В 8 часов утра 21 февраля 1852 года Николай Васильевич Гоголь перестал дышать.
Тургенев из Петербурга прислал свои слова в Москву:
«Да, он умер, это человек, которого мы теперь имеем право, горькое право, данное нам смертию, назвать великим».
И многие друзья, критики, писатели, поэты, общественные деятели тоже прислали, и эти их речи, письма составили… Могли бы составить некрупный том «Выбранных мест из самых искренних, самых сокровенных, самых печальных откликов на смерть писателя».

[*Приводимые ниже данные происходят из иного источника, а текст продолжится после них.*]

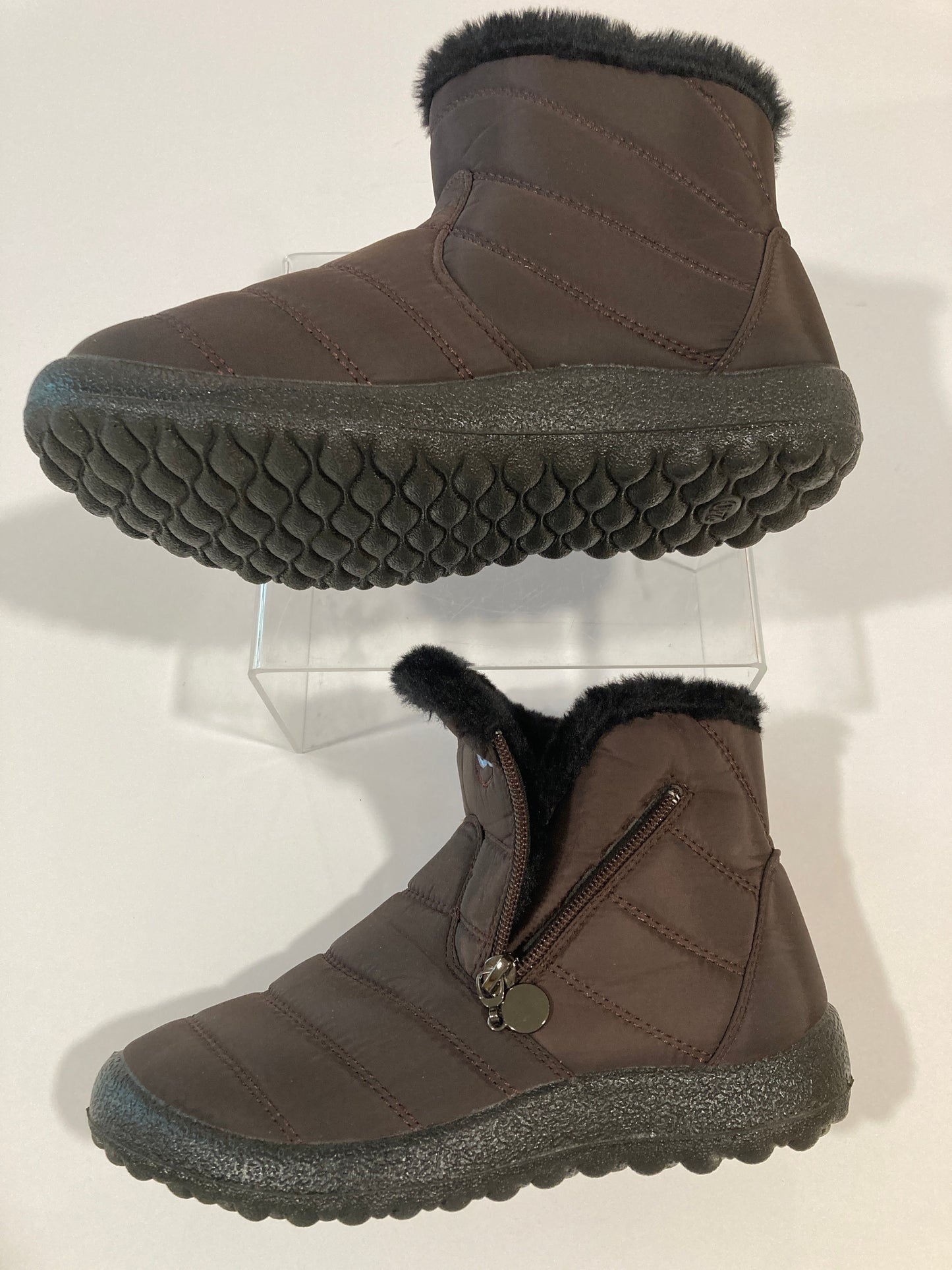 #119-REDUCED-Brand New Minky Lined Boot (Approximately size  big kid 3)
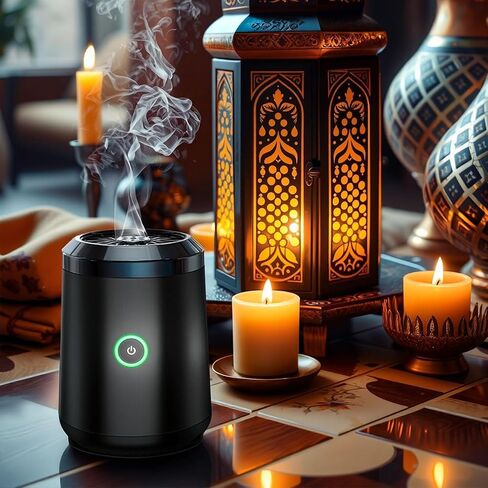 Portable Mini Incense Burner Bakhoor Rechargeable USB Aroma Diffuser Electric Arabic Incense Holder Muslim Home Decoration in Saudi Arabia
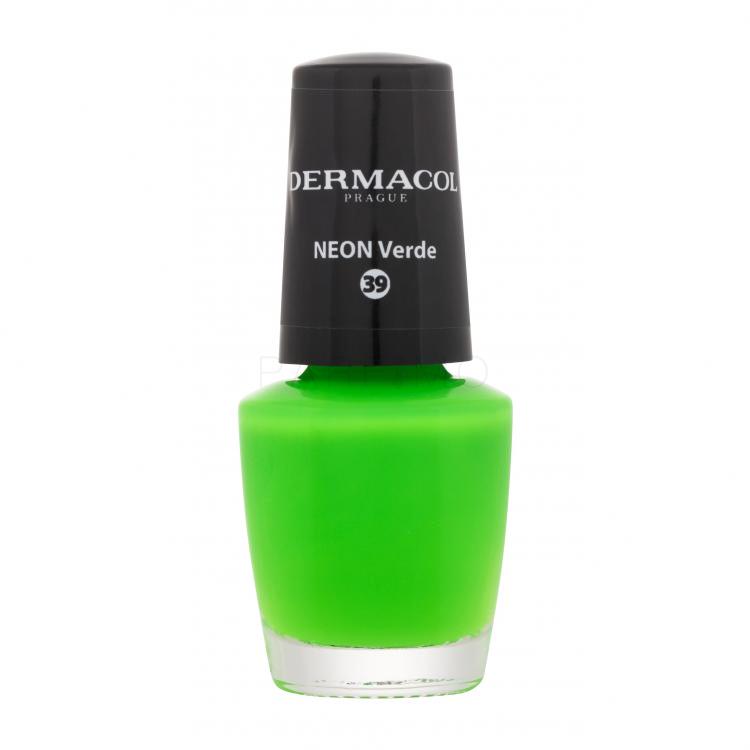 Dermacol Neon Lac de unghii pentru femei 5 ml Nuanţă 39 Neon Verde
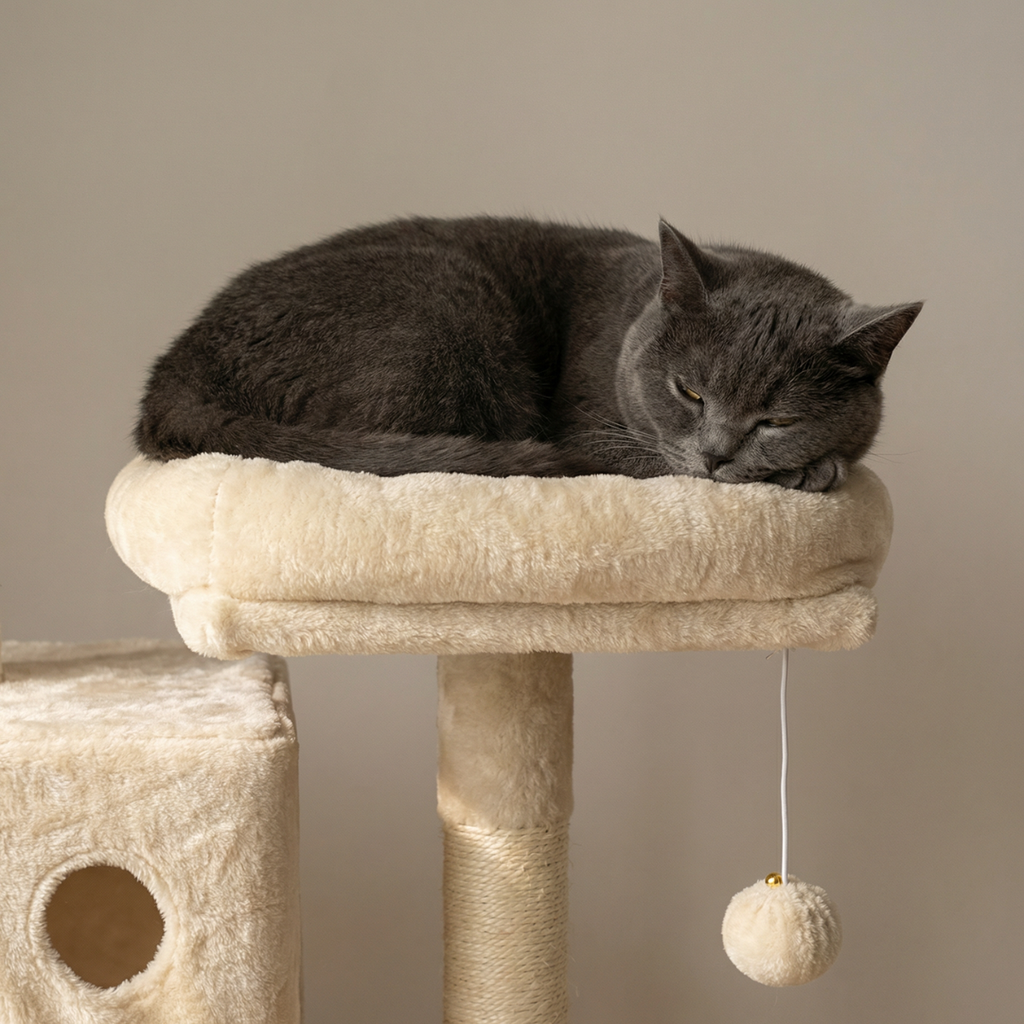 NordDjur Kattklös-/klätterträd 206 cm, beige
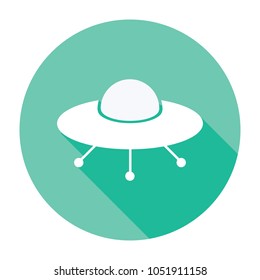 UFO icon with long shadow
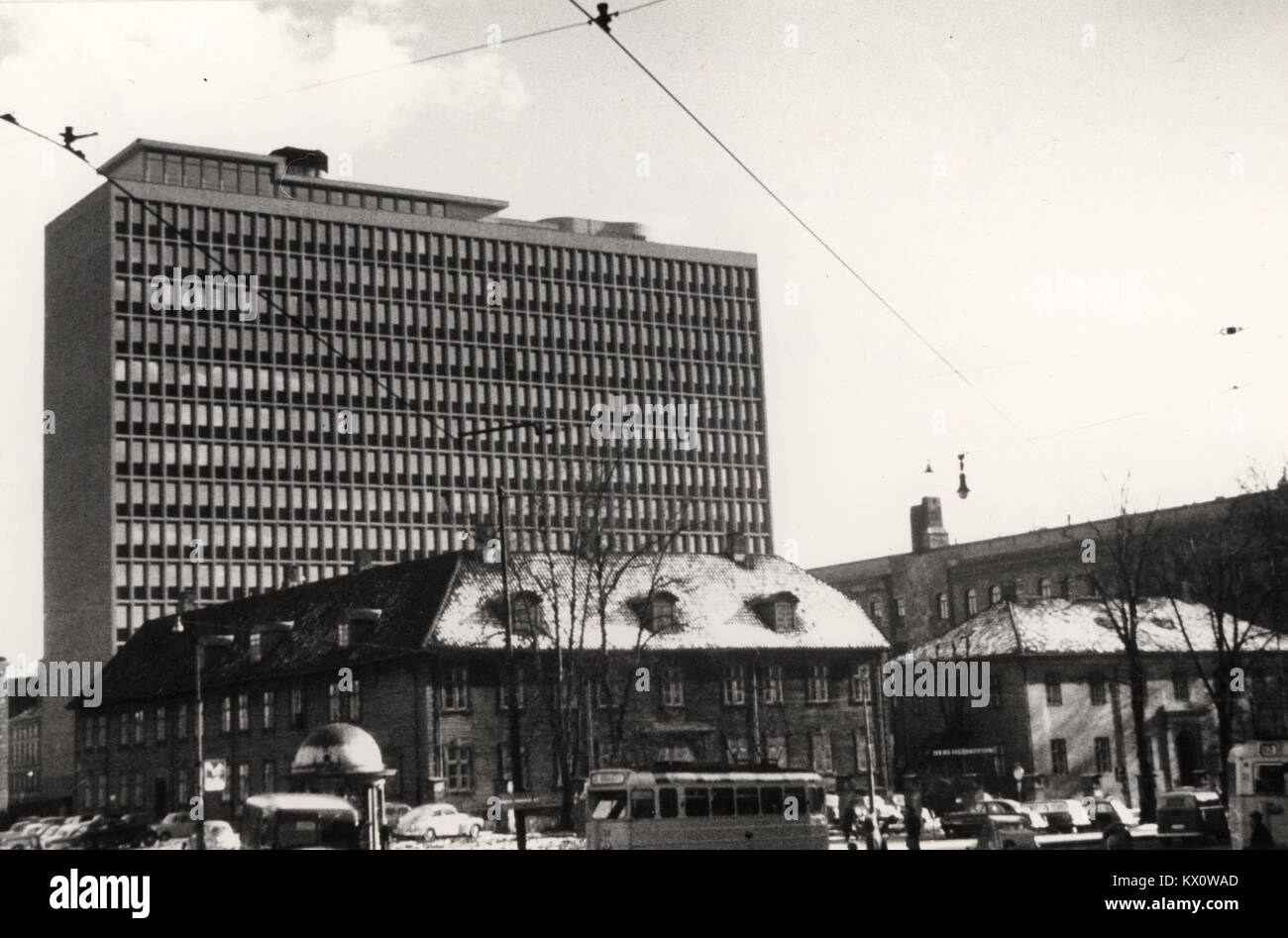 Le Militærhospitalet, le Fødelsstiftelsen et l'Empirekvartalet à Oslo sont des bâtiments historiques en Norvège, représentant l'histoire architecturale et médicale préservée par le rapport Riksantikvaren-T001 01 1019. Banque D'Images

А когда гроб с телом Гоголя несли по февральской заснеженной Москве на кладбище Данилова монастыря, то восемь верст обильнейшая толпа из людей всех званий и сословий сопровождала его, и кто-то из этой толпы, не веря, что хоронят «скончавшегося от простуды» коллежского асессора, сказал:
- Генерала хоронят.
После погребения квартальный надзиратель Протопопов, составляя обычный полицейский акт и для наиболее скрупулезного составления вынимая из шкафа вещи Гоголя, казенным голосом перечислял:
«Шуба енотовая, крытая черным сукном, старая довольно ношеная, два старых суконных сюртука черного сукна, один из них фасоном пальто, черное люстриновое пальто старое, пикеневое старое пальто белого цвета, одно парусиновое пальто старое, одни панталоны трековые мраморного цвета, трое старых парусинных панталон, пять старых бархатных жилетов разных цветов… одна старая полотняная простыня, три старых холстинных простыни, семь шерстяных старых фуфаек, три пары нитяных и три пары шерстяных старых носков, три полотняных носовых старых платков…»
Всего имущества на 43 рубля 88 копеек серебряными николаевскими деньгами.